Service members are tough. Many have endured the horrific sights, smells and sounds of war or military combat. 

Service members are resilient. They face demanding, hostile situations, day after day, for the duration of their tour or deployment.  

Service members are human. When they return to the world they once knew, they are changed by their military experience. The adrenaline rush, camaraderie and sense of purpose ends abruptly. As they readapt, they deal with issues related to their time in uniform that may affect their emotional state.

Finding a job can be a challenging transition for a veteran on his or her return home. Both the Department of Defense and Department of Veterans Affairs offer assistance, but they require the former service member to make a serious commitment and take action.

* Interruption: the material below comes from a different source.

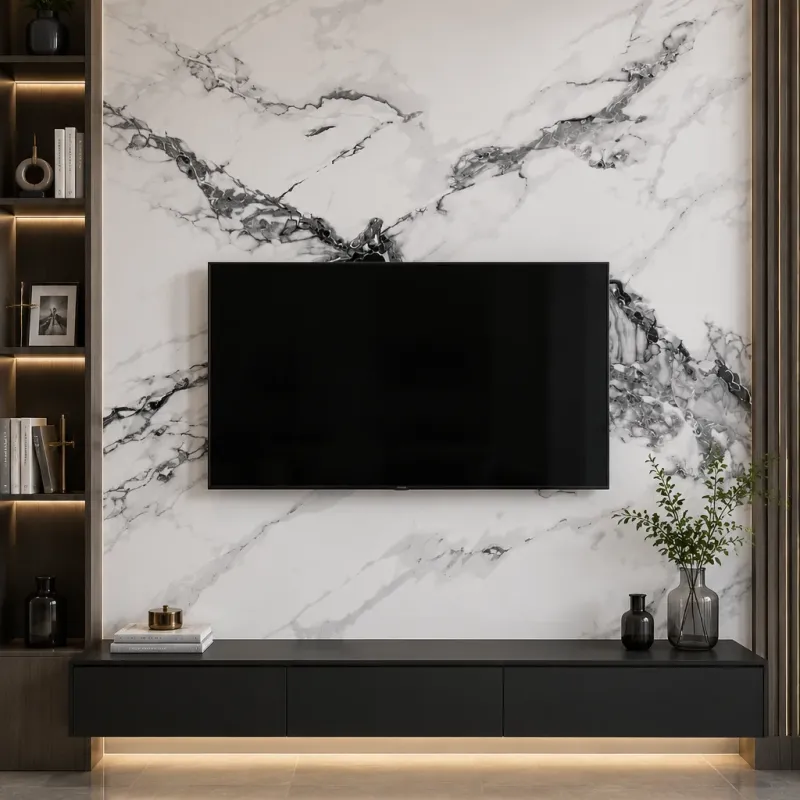 Πάνελ PVC Μαρμάρου White Black Crystal Marble Glossy 122x244cm (3mm)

 The key to successful reintegration, including career direction, is to intercept veterans as soon as possible. Getting them on a clear path, with one-on-one counseling, is essential. A focus on potential careers and not just quick job placement is extremely important.

 But a conundrum persists: While veterans want to work, employers are increasingly sensitive to hiring them, often because of problems they may encounter in adjusting to the civilian workplace. Both parties must share equally in the responsibility to ensure a successful match.

Challenges for veterans:

Adapting to the civilian world — its structure and behaviors

Translating military/combat skills into meaningful civilian attributes

Learning to reestablish themselves into a marketplace where they may feel left behind

Challenges for employers:

Writing job descriptions that target the veteran population

Establishing and formalizing mentorship programs

Understanding the nuances of rank, terminology and one-off skills

Much of the burden — and opportunity — falls on veterans. Businesses and HR professionals can become more sensitive to the nuances of recruiting, hiring, training and mentoring veterans. But veterans must also be able to “sell” themselves — the unique qualities they possess because of the demands of military life, their personalities, their marketability and their fit. Studies have shown that the ability of veterans to lead teams and work in dynamic environments, along with their dependable work ethic and loyalty, can make them an excellent addition to the civilian workplace.

U.S. employers should try to hire veterans and develop their career potential. We can do no less than our best when it comes to our veterans. Our mission is clear, our duty is sound, and our commitment is firm.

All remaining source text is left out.